Assalamualaikum.
Baru juga beberapa bulan lalu berniat istiqomah ngeblog, teteup lah kalah sama malasnya. Entah hari ini kena mood baik, pengen nyoba nulis panjang lagi. Udah keseringan nulis chat di aplikasi messenger sih. Hehe.
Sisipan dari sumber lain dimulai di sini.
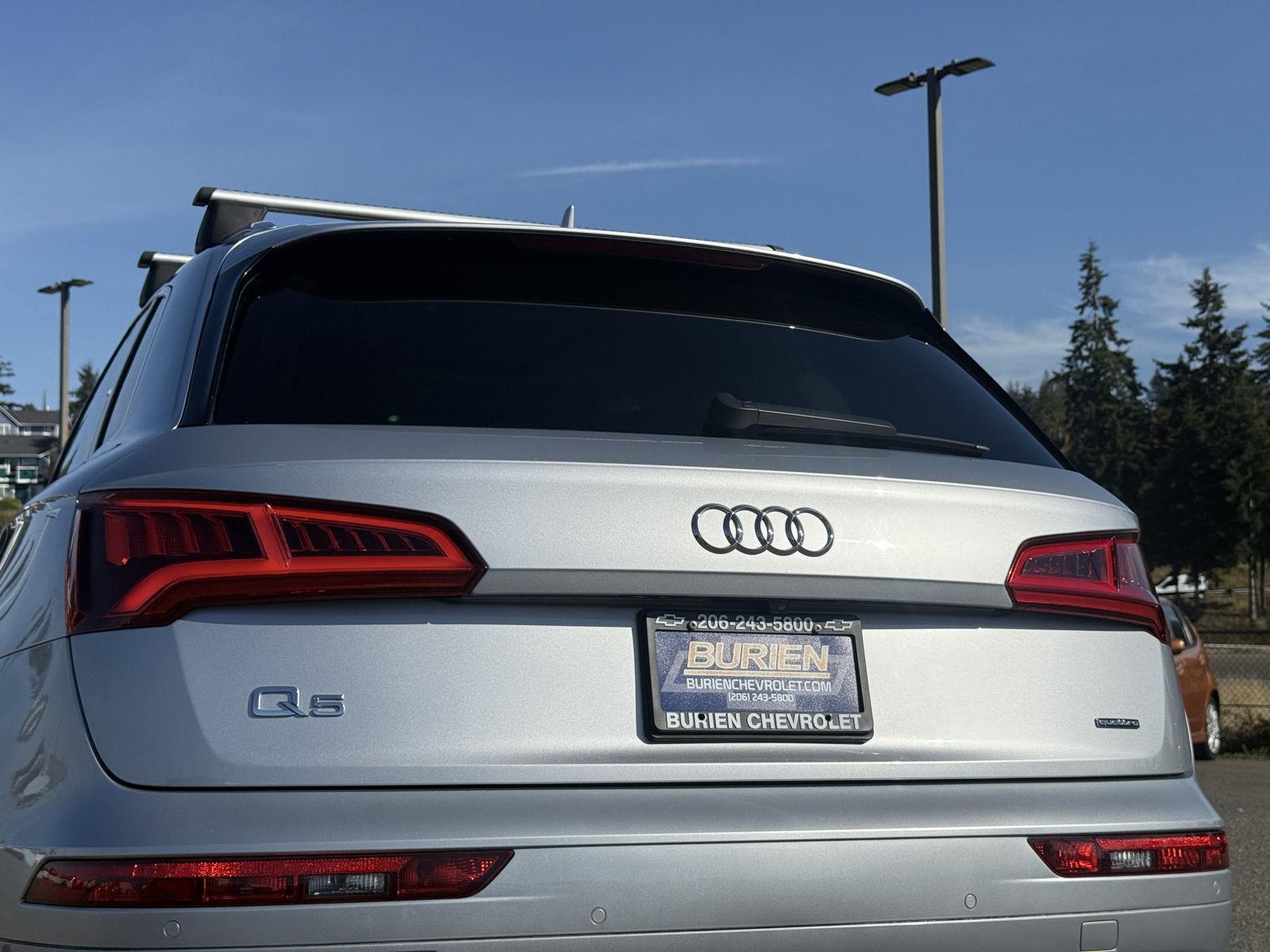 Used 2019 Audi Q5 SUV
Selama semester 7 lalu, kamera saya dipinjem adik dibawa ke Bandung buat urusan kepanitiaan di kampusnya gitu deh. Baru pas liburan, balik deh ke tangan saya. Haha, how i miss him (him : kamera saya, seorang Nikon D5100 lawas sejak tahun 2011 :D). Dan pas liburan kemarin juga, alhamdulillah dapet rejeki lensa fix Nikon AF-S 35mm f/1.8G. Hehe. Seneng? Jelas. Sudah lama banget kepengin lensa fix, yang kemarin-kemarin minjem terus. Hehe. Ini penampakannya :
Difoto pake kamera HP Asus Zenfone 5, jadi gak well kalo kata orang Jogja. Haha
Kelengkapan lensanya standar Nikon, yah. Ada lens hood dan lens pouch-nya. Sama apalagi, lupa eh. Maklum dus lensanya di rumah Pare, pas nulis ini sedang di kos-kosan di Jogja. Lensa fix cenderung sering di pakai buat motret portrait ya, meskipun nggak selalu. Teman-teman juga bisa kalau mau kreatif pakai lensa fix untuk motret landscape, still life, nyetrit (street photography) atau jenis-jenis foto lain. Seni fotografi kan nggak mutlak, meskipun ada teknik dasarnya. Apa salahnya berfikir out of the box, kan?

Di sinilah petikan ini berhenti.